Da sua antiga encarnação, Kiefer guardou a sofreguidão das reações e respostas rápidas, que podem sugerir uma certa eficiência gerencial. A mudança agora é que ele é bem intencionado e politicamente correto, sem pertencer nem ao Partido Democrata nem ao Republicano. Independente e, por óbvio, avesso à politicagem em Washington.

Não é de hoje que as séries americanas para televisão vêm conquistando o público e incorporando uma complexidade dramática inédita nos corações e mentes dos espectadores.

A novidade é a condescendência de um público tido como culto e informado em apreciar, louvar e refletir sobre as séries, catapultadas definitivamente para o status de “obra de arte” (muita gente chega a dizer que assiste as séries “em substituição ao cinema”).

Série significa repetição, que remete a uma certa pulsão infantil, como lembra Umberto Eco. Voltamos aos episódios como quem volta a um objeto parcial de desejo, diria Freud. E mais: bons roteiros e boas interpretações ajudam, mas o que importa mesmo são as brechas e fissuras através das quais flui nossa adesão ao universo ficcional proposto.



Como somos tragados por essas “brechas”? Os especialistas falam da persistência com que são percebidos os acontecimentos contemporâneos, “lugares comuns transnacionais” que jazem “no fundo do cérebro” e povoam as narrativas, como o incontornável 9/11, a interminável guerra das drogas, as grandes conspirações terroristas que alimentam os conflitos reincidentes, como no Oriente Médio, e a insuperável Guerra Fria. 

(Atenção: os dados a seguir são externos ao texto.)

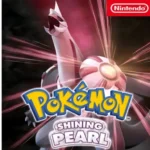 Pokémon Shining Pearl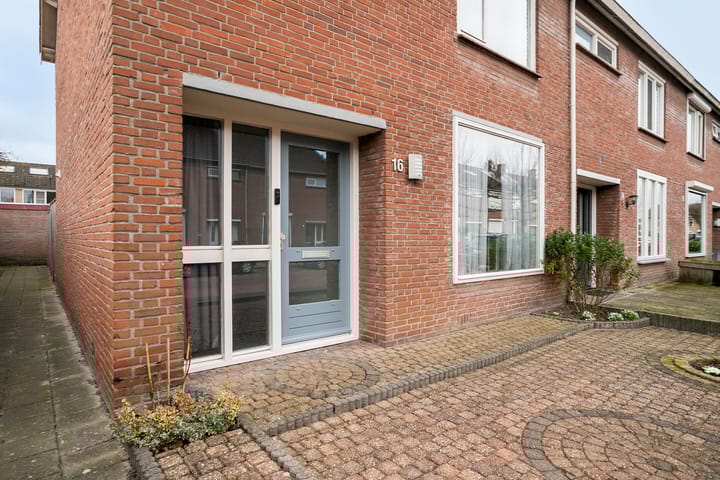 Foto 6 van Plataanstraat 16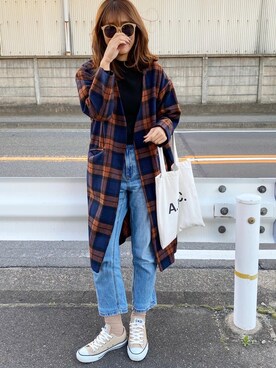 yu___k.7さんのコーディネート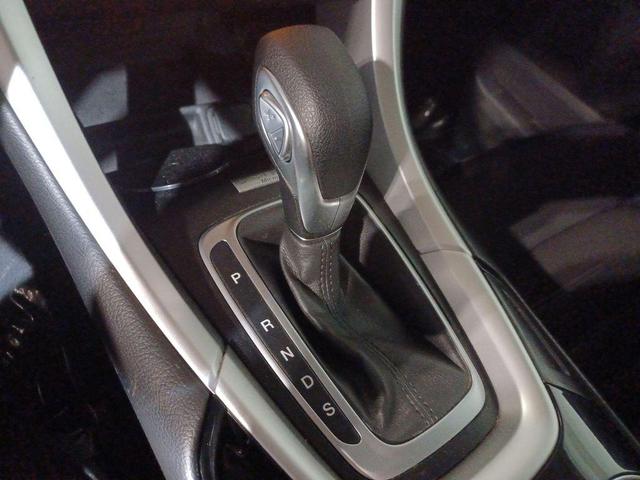 Photo of 2014 Tuxedo Black Metallic Ford Fusion
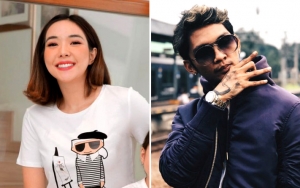 Gisella Anastasia Ungkap Alasan Mau Duet dengan Young Lex di Lagu 'Masih Bisa Panjang'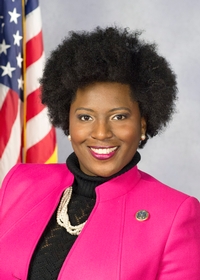 Joanna McClinton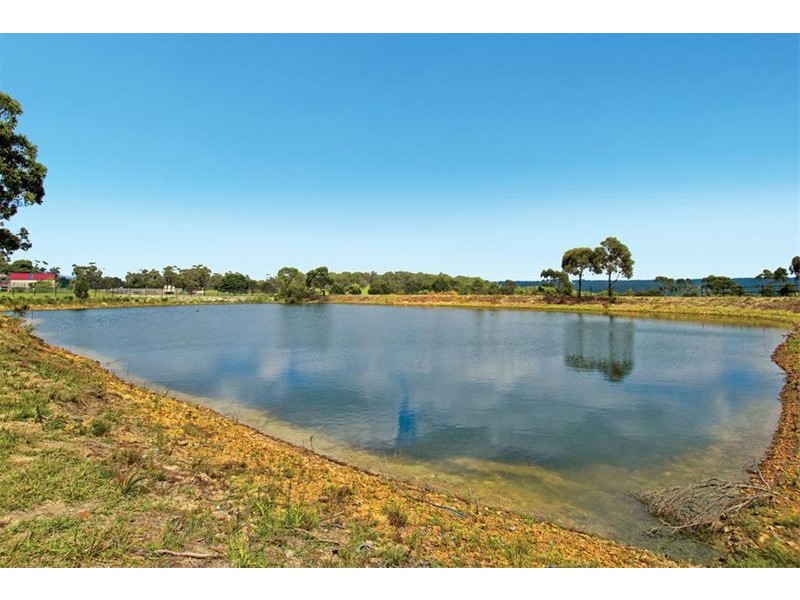 490 Darkes Forest Road, Darkes Forest NSW 2508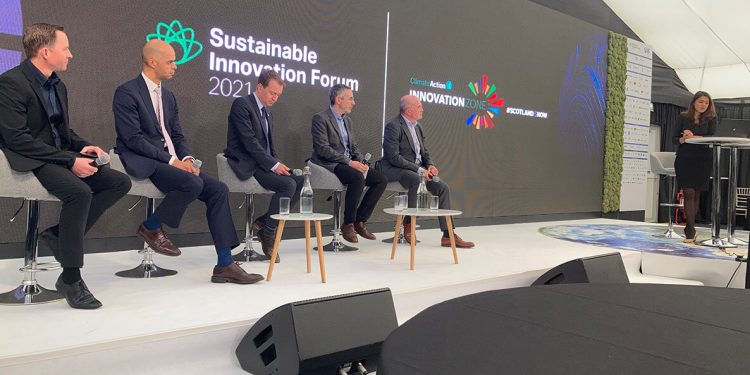 Sustainable Innovation Forum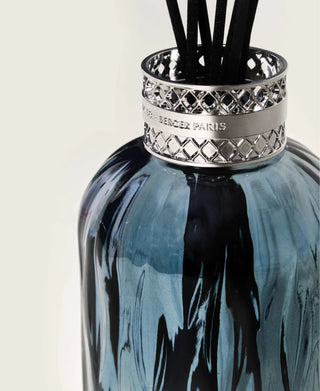 Quintessence Bouquet Reed Diffuser - Blue - Maison Berger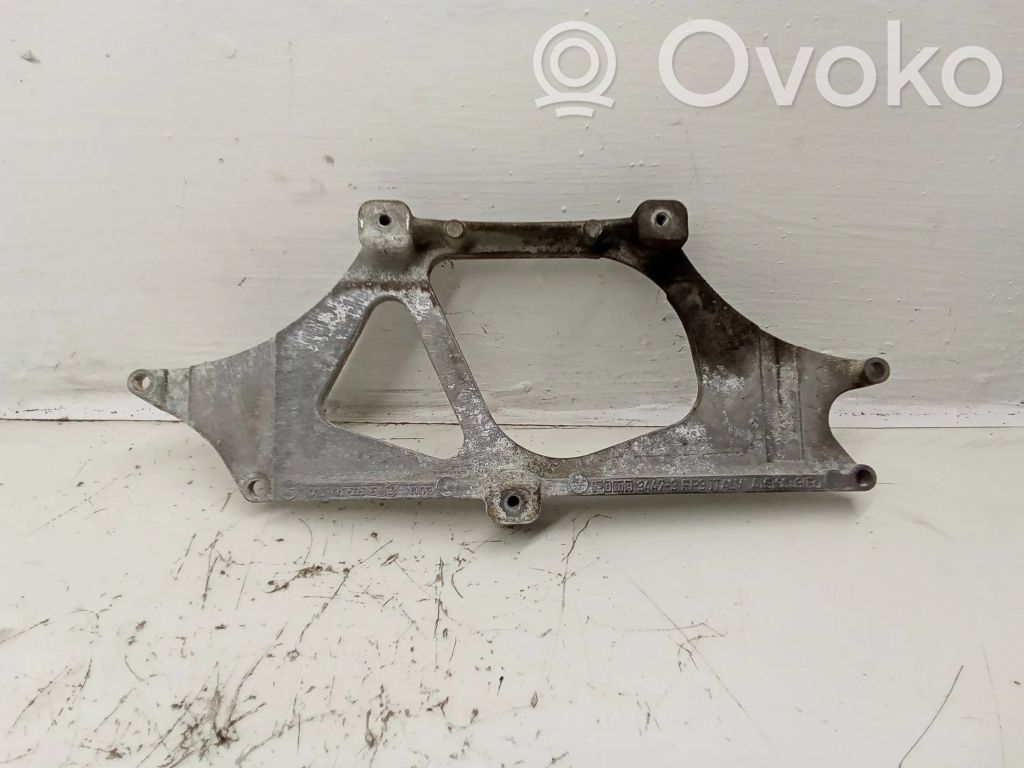 Volkswagen Crafter EGR valve cooler bracket 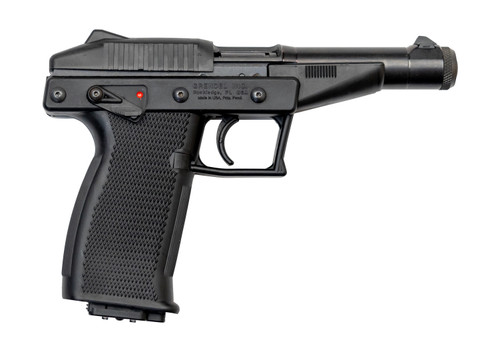 Grendel P-30 Used .22 Mag, 5″ Barrel, Polymer, Black, 30rd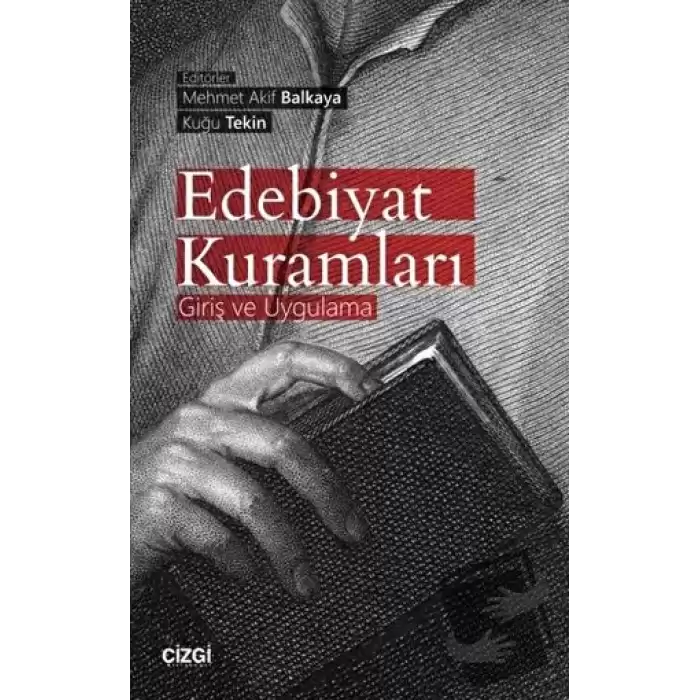 Edebiyat Kuramları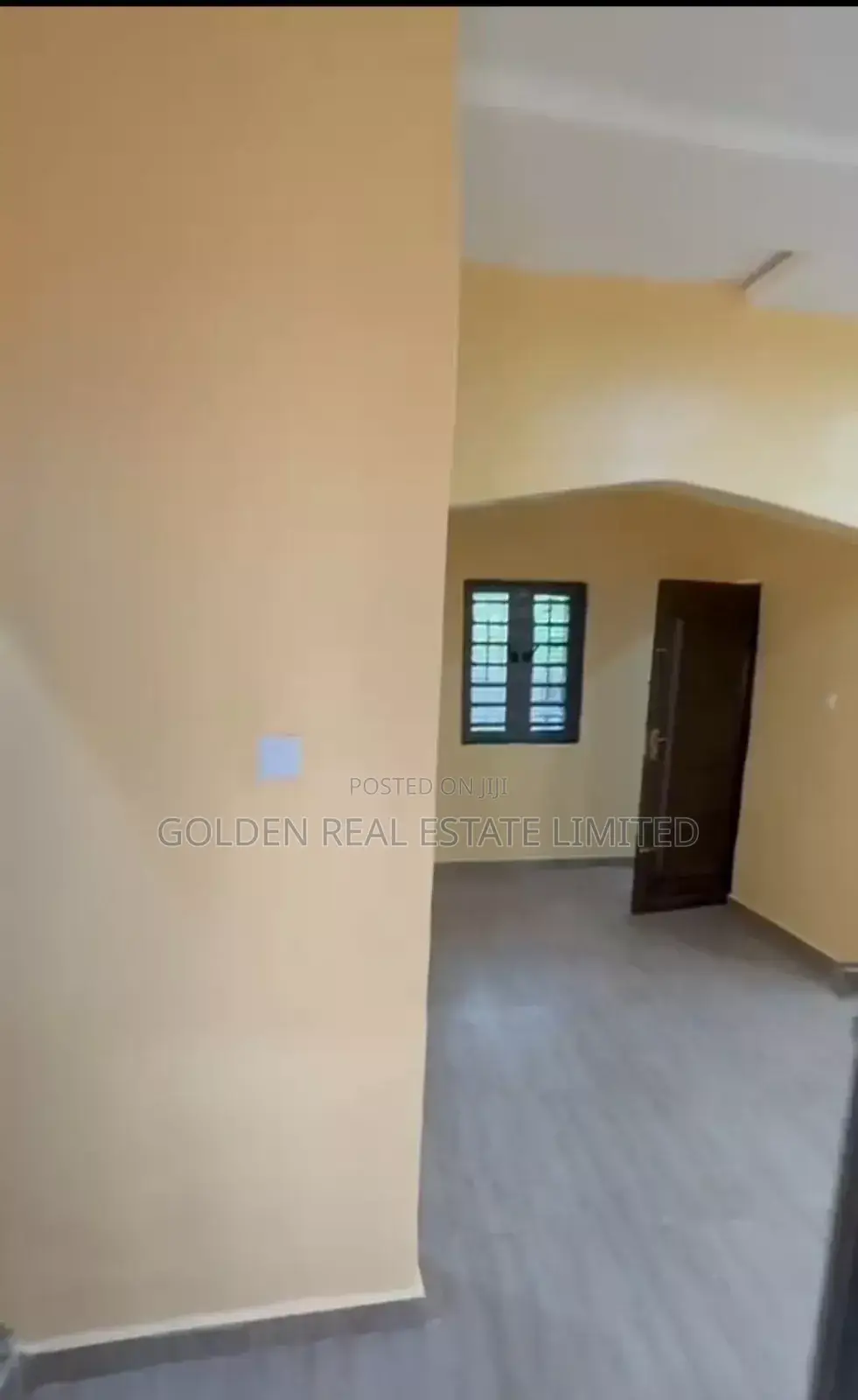 2bdrm Apartment in Ado Ekiti for rent in Ado Ekiti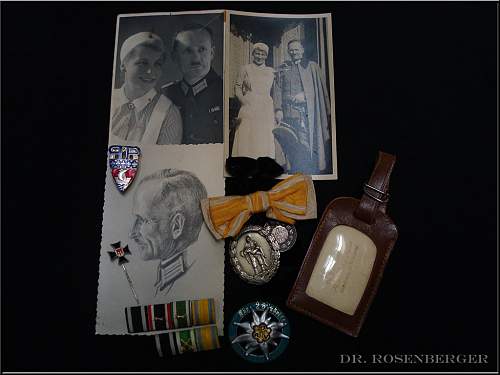 The Tom Kendall Heer Collection and Military Antiques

É fácil constatar que, com o passar dos anos, as narrativas dos seriados foram se tornando mais complexas e menos lineares em sua elaboração, mas também, curiosamente, mais familiares para o público.

A identificação desejada pelo espectador passou de um único e monolítico “herói” para um conjunto diversificado e mais complexo de “heróis” - personagens que são iguais aos seres humanos e ao seu ambiente.

Saímos de uma identificação vertical, estilo “top-down”, para uma proximidade horizontal com os personagens, agora “contraditórios e bifurcados”.

A “bifurcação das personalidades” tornou-se, de certa maneira, o foco mesmo do drama. O “Presidente” Sutherland é um desses heróis bipartidos, alguém que nunca pensou em ser Presidente mas que, obrigado pelas circunstâncias “inesperadas”, encarou o desafio.

O universo ficcional se apresenta para o nosso ávido consumo simbólico como bipartido, irremediavelmente fraturado. Verdades e mentiras se sobrepõem na TV a ponto de se tornarem indiscerníveis.

Explodir o Capitólio? Acabar com a política? A recente eleição presidencial nos EUA revelou esse desejo latente na sociedade norte-americana. “Designated Survivor” sinaliza, não resta dúvida, a materialização desse desejo, pelo menos na Netflix.

Como dizia Julio Cortázar, “memória é um espelho que mente escandalosamente".